The Musk solution is limited to transport, where emissions can be reduced economically. Other emissions sources, such as steel production, will not be solved with the same mechanism, because no single company is going to suffer the competitive disadvantage of using clean tech.
Sucking carbon out of the atmosphere yourself will never be cheaper than letting other people do it, no matter what Elon's R&D departments do. We can't reach our climate coals without it.
If people are already buying something, like electricity or cars, then buying clean substitutes that are cheaper and better than older dirty products doesn't suffer from free rider effect.
Each person makes their own decision and gets more value with the clean option if it is better than the old product at what it does. The clean option takes over automatically thanks to individuals each looking out for themselves.

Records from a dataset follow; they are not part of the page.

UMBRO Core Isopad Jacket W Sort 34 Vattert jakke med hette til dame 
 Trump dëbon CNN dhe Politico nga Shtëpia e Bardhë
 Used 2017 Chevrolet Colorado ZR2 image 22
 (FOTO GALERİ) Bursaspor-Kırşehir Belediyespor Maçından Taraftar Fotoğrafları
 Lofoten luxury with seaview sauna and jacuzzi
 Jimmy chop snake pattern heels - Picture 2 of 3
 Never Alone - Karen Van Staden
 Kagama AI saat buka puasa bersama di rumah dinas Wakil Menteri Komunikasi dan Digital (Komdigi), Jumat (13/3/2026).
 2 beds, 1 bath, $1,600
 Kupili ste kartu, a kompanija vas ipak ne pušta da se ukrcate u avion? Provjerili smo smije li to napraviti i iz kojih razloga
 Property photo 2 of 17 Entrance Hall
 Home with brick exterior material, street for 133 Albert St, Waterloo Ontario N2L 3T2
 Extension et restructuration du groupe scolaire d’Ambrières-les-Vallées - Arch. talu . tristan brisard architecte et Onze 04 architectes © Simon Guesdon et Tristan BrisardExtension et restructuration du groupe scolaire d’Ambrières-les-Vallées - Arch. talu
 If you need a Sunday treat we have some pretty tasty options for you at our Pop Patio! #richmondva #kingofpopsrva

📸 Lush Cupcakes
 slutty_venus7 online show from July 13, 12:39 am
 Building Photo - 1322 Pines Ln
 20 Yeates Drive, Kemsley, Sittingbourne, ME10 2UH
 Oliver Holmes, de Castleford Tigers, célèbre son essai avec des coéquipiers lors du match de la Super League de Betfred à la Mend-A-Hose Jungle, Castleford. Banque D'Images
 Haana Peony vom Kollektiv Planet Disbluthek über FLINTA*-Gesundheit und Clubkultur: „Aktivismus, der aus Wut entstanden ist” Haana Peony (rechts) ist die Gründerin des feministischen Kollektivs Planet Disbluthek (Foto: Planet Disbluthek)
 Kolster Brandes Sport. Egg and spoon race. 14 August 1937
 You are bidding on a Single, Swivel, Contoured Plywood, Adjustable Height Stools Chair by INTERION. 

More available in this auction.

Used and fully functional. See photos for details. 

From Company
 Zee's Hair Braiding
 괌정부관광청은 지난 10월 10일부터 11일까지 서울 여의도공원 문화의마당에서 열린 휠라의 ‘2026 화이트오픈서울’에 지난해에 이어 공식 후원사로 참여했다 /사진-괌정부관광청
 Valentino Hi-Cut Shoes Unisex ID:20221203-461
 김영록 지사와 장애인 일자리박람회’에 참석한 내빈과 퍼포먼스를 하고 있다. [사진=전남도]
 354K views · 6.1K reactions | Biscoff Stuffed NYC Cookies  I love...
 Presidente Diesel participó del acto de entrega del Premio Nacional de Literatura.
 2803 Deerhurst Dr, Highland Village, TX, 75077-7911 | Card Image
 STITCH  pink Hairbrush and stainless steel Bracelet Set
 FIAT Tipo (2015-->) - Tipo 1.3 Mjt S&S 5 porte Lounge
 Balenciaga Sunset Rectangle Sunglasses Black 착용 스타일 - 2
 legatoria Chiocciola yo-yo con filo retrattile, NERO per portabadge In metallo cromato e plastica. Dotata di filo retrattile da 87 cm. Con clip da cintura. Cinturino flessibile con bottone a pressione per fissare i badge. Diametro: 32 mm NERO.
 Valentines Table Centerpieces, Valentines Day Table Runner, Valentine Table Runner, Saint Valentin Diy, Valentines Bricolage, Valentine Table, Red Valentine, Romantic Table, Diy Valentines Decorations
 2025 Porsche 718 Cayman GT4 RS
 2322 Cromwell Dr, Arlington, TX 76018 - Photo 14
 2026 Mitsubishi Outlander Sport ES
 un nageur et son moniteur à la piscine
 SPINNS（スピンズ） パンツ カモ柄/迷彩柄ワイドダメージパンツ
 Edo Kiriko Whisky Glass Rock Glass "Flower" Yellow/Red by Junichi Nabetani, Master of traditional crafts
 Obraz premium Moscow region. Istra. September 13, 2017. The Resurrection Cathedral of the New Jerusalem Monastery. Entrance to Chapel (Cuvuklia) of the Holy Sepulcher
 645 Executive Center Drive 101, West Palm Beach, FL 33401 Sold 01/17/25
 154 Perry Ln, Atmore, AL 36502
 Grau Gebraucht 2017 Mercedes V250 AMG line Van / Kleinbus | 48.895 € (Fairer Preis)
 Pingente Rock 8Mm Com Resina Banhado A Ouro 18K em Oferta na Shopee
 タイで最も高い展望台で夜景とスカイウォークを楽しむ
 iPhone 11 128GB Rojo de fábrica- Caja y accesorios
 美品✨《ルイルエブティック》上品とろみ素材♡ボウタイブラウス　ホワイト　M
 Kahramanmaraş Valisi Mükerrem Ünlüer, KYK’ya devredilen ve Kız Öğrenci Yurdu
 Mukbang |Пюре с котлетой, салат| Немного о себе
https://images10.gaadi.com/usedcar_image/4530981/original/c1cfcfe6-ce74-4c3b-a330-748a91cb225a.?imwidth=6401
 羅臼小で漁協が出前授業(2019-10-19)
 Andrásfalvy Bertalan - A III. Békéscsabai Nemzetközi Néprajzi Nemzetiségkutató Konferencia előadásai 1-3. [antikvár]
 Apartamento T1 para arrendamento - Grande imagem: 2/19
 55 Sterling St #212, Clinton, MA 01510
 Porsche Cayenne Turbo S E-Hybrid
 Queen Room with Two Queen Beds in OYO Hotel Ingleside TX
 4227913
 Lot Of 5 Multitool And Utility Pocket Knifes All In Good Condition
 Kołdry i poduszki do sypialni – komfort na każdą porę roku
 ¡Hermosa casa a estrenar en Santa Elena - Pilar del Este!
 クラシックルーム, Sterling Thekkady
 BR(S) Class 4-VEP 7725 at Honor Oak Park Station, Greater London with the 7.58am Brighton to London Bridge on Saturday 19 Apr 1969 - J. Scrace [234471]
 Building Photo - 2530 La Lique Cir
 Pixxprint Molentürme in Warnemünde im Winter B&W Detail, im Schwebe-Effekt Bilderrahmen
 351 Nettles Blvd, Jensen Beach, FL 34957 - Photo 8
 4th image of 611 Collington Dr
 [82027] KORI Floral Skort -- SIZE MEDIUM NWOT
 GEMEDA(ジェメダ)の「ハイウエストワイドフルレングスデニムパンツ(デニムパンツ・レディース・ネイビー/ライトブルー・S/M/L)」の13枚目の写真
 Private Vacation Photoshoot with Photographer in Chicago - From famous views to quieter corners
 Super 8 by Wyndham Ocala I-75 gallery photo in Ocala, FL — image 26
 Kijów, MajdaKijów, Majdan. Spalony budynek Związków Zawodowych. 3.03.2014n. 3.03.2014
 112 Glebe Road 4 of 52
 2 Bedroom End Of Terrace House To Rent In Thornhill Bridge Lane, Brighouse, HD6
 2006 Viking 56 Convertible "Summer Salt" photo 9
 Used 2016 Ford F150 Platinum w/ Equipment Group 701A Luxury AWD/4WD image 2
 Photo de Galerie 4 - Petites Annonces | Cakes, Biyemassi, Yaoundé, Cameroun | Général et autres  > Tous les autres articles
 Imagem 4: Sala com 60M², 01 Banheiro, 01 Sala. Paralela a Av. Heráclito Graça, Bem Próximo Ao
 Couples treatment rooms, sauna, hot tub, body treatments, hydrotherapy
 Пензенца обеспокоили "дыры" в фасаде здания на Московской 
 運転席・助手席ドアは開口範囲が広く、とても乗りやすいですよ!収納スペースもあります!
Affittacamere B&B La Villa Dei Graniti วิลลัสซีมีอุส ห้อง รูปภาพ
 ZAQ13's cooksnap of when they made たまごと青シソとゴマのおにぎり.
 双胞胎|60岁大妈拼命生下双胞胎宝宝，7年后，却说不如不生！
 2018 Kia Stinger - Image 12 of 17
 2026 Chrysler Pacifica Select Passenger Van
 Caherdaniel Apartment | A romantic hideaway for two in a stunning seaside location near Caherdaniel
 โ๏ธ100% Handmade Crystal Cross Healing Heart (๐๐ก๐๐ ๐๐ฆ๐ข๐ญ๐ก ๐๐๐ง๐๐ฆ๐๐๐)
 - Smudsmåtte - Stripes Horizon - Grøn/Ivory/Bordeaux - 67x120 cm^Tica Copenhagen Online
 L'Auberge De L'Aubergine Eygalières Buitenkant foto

I used Musk's name as a short-hand for this approach targeting individual self interest because he has a very high profile in cleaner transport in the US. I did not mean to imply that Musk will somehow make CCS a desirable thing for individuals to buy. That's not possible.
Sucking carbon out of the atmosphere is not something that people get individual value from, or have been willing to pay for to date. So left to themselves, no-one would pay for it. That's why it needs co-ordinated action. Which we're not good at.
Yes, we can't reach climate goals without CCS. But it's going to be hard to scale up to approximately the same size as the global oil and gas industry.